Salvaged Apples, Hard Cider
The middle of August, a hot summer afternoon in southern Maine, I pulled to the curb in a Portland suburb and leaned my picking ladder into a neglected street tree, a large crabapple. My friend Eli grabbed a bucket and climbed the ladder while I slung my picking bag over my shoulder and hauled myself into the branches.
“Any idea how close I can get to the electric line?” I asked Eli as I eyed the wires running through the foliage a few feet over my head. He shook his head, no idea, so I moved slowly and deliberately, keeping what seemed like a good precautionary distance. Enough, anyway, that I could reasonably tell my girlfriend Karla I’d acted sensibly if I wound up in the ER.

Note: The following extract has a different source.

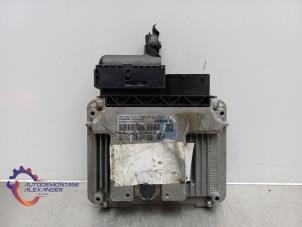 Gebruikte Computer Motormanagement Volkswagen Scirocco (137/13AD) 1.4 TSI 160 16V Prijs op aanvraag aangeboden door Alexander Autodemontage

A young couple with a baby stroller walked quickly past us, avoiding my gaze. After about half an hour, our bags and buckets full of the crisp, almost dessert-quality apples, we cleared out and headed back to Eli’s warehouse downtown, the home of his new hard cider winery. We’d liberated roughly two bushels from the tree, enough to produce somewhere between four and six gallons of juice.
This was our first harvest of the season, a much-anticipated opportunity to test my new Lancman press—a celebratory moment. With Eli’s help I cleaned bird feathers and debris off his loading dock, set the press at the edge of the concrete, and cleaned and sorted fruit in his three-bay sink. Once ground the apples filled less than half the press, but we slapped the lid on, grabbed a couple of glasses, stood back and waited enthusiastically.
It’s worth spending a moment describing this piece of equipment, if only because I use its photo as the background wallpaper for my iPhone. I love Karla, I love our dog Tica, but it’s my cider press that greets me when I turn on the phone. The Lancman is a small, portable Slovenian press, designed for grapes but suitable for all kinds of fruit. It operates by water pressure—connect the internal rubber bladder by garden hose to any ordinary household faucet, crack the valve, and gradually the crushed fruit presses against the steel walls of the cylinder, running juice through narrow perforations into a collecting tray.
We waited for a couple of minutes and the juice started to flow, slowly at first, then in a steady stream. Eli filled his glass, capturing some of the rose-colored juice and holding it up to the light, and we sipped and evaluated it like a fine wine. Sweet, with a brix approaching 15, as high as anything else we tested this past season, but still tangy and refreshing. It was delicious, like nothing we’d ever tasted—particularly not the pasteurized product we call cider here in the US.
Drinking juice straight from the press wasn’t our plan, though. I threw a little extra in the fridge for Karla and headed to the redemption center to find a few suitably sturdy bottles for fermenting. “Got any gallon-size Carlo Rossi bottles?” I called out to the Vietnamese guy working the counter. The place was noisy with clinking glass and a loader moving shrink-wrapped pallets. He pulled me off to the side in another windowless cinder-block room, where we found four sticky bottles. “How much?” I asked, and he told me they were mine for sixty cents. The right price, and infinitely preferable to drinking the wine they’d contained ourselves.
In his book Prohibition, Ed Behr describes attractive salesgirls visiting stores during the 1920’s with raisin cakes and instructions implicitly showing how to get around the law. “Caution: Will Ferment and Turn into Wine,” the labels read. Don’t “place the liquid in a jug and put it aside for twenty-one days,” or you’ll wind up with alcohol. My advice exactly—don’t throw your apple juice into salvaged Carlo Rossi bottles secured with airlocks in the basement, or it will ferment into hard cider, a flavorful beverage that pairs well with cheese, fruit and a nice meal from the garden.
This past week we decanted some of my cider and shared glasses over dinner. It’s midwinter, but summer’s bounty surrounds us even here in chilly Maine. We roasted beets and rutabagas, cracked open jars of salsa, thawed pesto, and made a pie from one of our pumpkins. Although I’ve gardened and grown fruit trees and berries for over twenty years now, this has been my first foray into hard cider, and the addition to the table was more than welcome. A return to a nearly forgotten and highly pleasurable New England tradition—what’s taken me so long?